+++ Extracted information

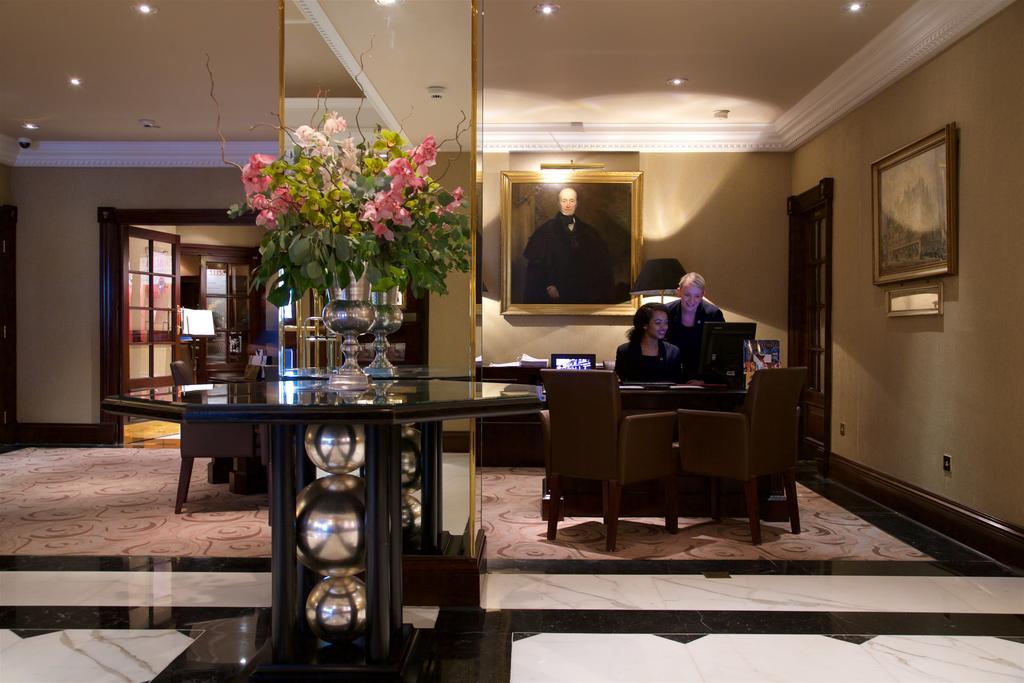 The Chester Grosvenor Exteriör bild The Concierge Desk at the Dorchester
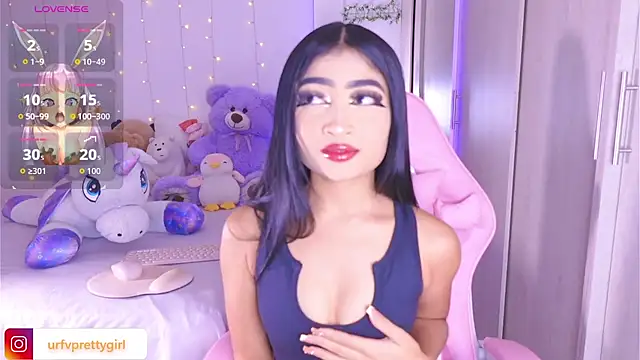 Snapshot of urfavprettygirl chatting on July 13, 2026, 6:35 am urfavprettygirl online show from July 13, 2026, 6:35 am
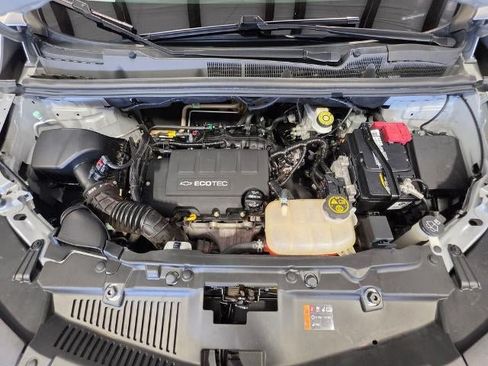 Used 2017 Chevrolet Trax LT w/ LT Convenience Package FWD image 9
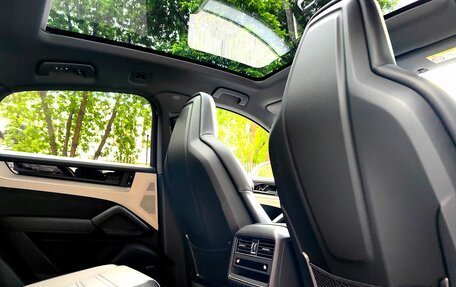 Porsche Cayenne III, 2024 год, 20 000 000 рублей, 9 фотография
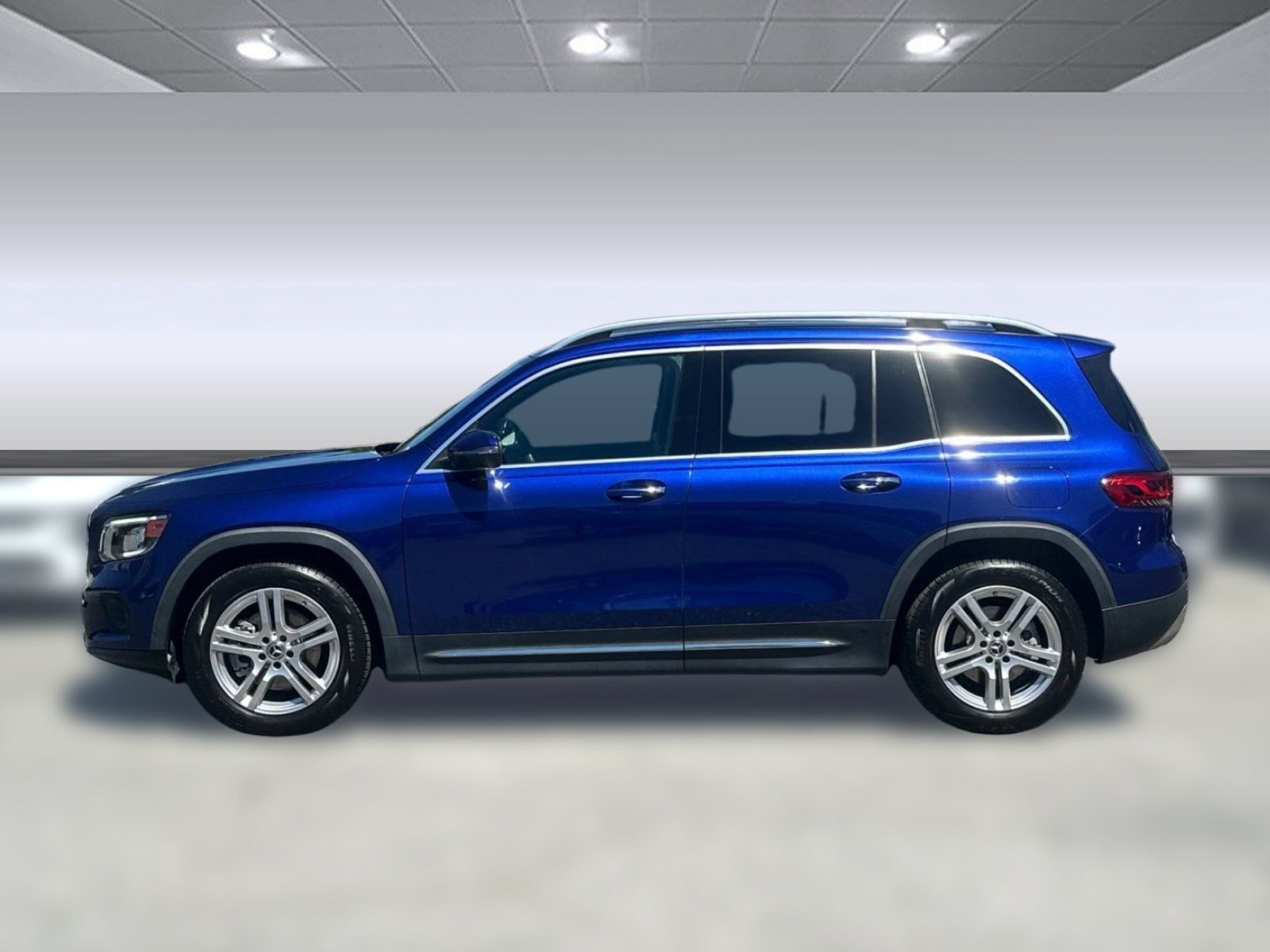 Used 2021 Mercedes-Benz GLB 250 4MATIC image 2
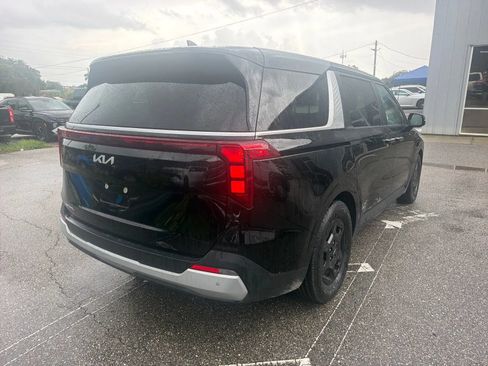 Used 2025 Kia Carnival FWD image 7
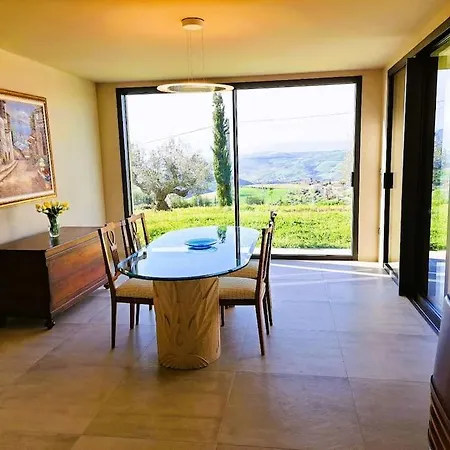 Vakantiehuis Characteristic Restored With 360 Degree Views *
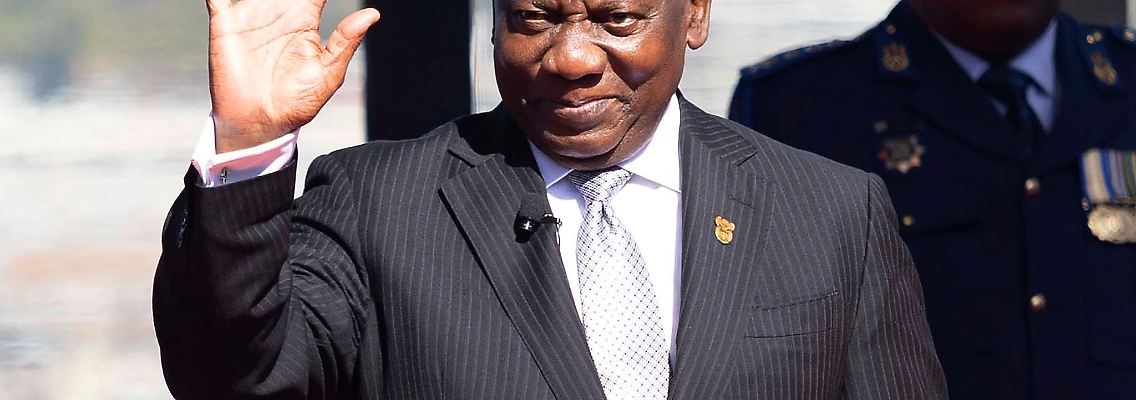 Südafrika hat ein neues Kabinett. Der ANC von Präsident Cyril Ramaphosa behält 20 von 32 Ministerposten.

++++++

Task directions: Only the lines from the one containing "Vakantiehuis Characteristic Restored" through the last line of the entries above belong in the copy; reproduce them exactly and drop every picture.

The answer:
 Vakantiehuis Characteristic Restored With 360 Degree Views *
 Südafrika hat ein neues Kabinett. Der ANC von Präsident Cyril Ramaphosa behält 20 von 32 Ministerposten.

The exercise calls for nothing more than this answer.